### Dataset excerpts:
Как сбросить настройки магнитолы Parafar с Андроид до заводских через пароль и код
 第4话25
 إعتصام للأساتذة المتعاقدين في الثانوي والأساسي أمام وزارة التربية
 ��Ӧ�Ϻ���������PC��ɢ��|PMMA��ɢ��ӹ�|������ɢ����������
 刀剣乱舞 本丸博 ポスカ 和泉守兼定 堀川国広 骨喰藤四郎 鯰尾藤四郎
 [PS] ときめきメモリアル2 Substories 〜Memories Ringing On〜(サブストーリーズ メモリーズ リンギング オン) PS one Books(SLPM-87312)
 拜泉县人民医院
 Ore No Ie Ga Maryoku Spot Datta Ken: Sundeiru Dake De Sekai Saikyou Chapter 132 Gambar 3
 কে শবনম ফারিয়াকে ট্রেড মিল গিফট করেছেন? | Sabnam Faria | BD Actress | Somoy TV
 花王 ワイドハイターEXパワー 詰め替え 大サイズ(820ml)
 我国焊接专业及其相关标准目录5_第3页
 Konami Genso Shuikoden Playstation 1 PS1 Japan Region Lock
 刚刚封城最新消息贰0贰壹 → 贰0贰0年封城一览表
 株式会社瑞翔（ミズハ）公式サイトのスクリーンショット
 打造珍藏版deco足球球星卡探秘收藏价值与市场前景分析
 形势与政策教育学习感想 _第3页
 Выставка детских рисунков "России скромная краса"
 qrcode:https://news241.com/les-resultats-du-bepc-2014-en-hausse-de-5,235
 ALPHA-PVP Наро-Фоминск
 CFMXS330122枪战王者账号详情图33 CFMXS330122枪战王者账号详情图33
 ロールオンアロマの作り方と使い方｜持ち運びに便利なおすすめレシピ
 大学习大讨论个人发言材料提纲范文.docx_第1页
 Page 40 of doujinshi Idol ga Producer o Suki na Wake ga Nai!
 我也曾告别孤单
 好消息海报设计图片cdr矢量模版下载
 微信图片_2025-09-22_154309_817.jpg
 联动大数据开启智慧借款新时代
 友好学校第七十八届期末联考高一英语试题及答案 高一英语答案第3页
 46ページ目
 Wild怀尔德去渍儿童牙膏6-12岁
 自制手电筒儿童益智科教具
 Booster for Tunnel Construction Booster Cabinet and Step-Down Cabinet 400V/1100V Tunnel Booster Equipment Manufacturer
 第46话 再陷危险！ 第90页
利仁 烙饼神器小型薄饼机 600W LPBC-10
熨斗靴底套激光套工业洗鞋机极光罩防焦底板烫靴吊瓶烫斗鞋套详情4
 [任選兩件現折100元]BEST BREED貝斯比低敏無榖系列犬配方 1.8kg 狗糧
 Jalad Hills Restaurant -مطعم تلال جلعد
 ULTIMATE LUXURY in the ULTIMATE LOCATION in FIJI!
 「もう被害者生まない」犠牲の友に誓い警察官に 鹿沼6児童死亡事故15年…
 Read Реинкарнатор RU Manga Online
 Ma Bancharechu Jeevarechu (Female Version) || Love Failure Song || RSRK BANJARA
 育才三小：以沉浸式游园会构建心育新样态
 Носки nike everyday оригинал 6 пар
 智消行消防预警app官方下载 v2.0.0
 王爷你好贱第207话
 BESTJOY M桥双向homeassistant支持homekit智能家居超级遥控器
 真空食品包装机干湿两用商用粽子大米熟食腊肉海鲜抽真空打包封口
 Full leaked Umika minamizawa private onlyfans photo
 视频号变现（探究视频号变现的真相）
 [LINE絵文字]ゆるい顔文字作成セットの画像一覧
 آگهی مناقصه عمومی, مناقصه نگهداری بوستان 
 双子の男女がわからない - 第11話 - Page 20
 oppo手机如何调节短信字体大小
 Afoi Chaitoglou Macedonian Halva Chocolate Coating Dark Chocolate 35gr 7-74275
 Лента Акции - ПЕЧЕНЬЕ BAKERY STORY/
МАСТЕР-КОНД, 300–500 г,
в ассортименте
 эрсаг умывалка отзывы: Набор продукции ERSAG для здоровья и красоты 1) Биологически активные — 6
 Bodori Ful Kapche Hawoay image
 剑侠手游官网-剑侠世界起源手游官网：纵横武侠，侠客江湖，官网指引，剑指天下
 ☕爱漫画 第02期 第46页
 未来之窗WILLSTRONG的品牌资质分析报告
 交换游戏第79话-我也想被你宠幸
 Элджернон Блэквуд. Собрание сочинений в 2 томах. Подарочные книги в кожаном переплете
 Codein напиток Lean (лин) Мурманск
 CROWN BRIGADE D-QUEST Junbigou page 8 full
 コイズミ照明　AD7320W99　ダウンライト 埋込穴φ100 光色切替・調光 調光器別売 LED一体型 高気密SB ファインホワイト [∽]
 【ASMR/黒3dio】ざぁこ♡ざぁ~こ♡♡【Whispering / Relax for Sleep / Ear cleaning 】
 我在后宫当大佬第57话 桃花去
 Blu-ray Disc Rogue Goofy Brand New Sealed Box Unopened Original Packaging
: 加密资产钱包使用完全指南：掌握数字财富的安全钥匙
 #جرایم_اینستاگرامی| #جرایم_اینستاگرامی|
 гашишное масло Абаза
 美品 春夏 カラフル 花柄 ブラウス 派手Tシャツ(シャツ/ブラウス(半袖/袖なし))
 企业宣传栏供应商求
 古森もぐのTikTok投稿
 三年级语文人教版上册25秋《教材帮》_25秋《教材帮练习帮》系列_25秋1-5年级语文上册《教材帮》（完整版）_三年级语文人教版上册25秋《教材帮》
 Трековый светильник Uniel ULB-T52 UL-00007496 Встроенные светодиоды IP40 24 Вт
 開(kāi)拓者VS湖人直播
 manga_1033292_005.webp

### Work to be completed:
Retype exactly, and only, the lines above from the one where "ULTIMATE LUXURY in" occurs up to and including the one where "Codein напиток Lean (лин) Мурманск" occurs.

### Result below:
 ULTIMATE LUXURY in the ULTIMATE LOCATION in FIJI!
 「もう被害者生まない」犠牲の友に誓い警察官に 鹿沼6児童死亡事故15年…
 Read Реинкарнатор RU Manga Online
 Ma Bancharechu Jeevarechu (Female Version) || Love Failure Song || RSRK BANJARA
 育才三小：以沉浸式游园会构建心育新样态
 Носки nike everyday оригинал 6 пар
 智消行消防预警app官方下载 v2.0.0
 王爷你好贱第207话
 BESTJOY M桥双向homeassistant支持homekit智能家居超级遥控器
 真空食品包装机干湿两用商用粽子大米熟食腊肉海鲜抽真空打包封口
 Full leaked Umika minamizawa private onlyfans photo
 视频号变现（探究视频号变现的真相）
 [LINE絵文字]ゆるい顔文字作成セットの画像一覧
 آگهی مناقصه عمومی, مناقصه نگهداری بوستان 
 双子の男女がわからない - 第11話 - Page 20
 oppo手机如何调节短信字体大小
 Afoi Chaitoglou Macedonian Halva Chocolate Coating Dark Chocolate 35gr 7-74275
 Лента Акции - ПЕЧЕНЬЕ BAKERY STORY/
МАСТЕР-КОНД, 300–500 г,
в ассортименте
 эрсаг умывалка отзывы: Набор продукции ERSAG для здоровья и красоты 1) Биологически активные — 6
 Bodori Ful Kapche Hawoay image
 剑侠手游官网-剑侠世界起源手游官网：纵横武侠，侠客江湖，官网指引，剑指天下
 ☕爱漫画 第02期 第46页
 未来之窗WILLSTRONG的品牌资质分析报告
 交换游戏第79话-我也想被你宠幸
 Элджернон Блэквуд. Собрание сочинений в 2 томах. Подарочные книги в кожаном переплете
 Codein напиток Lean (лин) Мурманск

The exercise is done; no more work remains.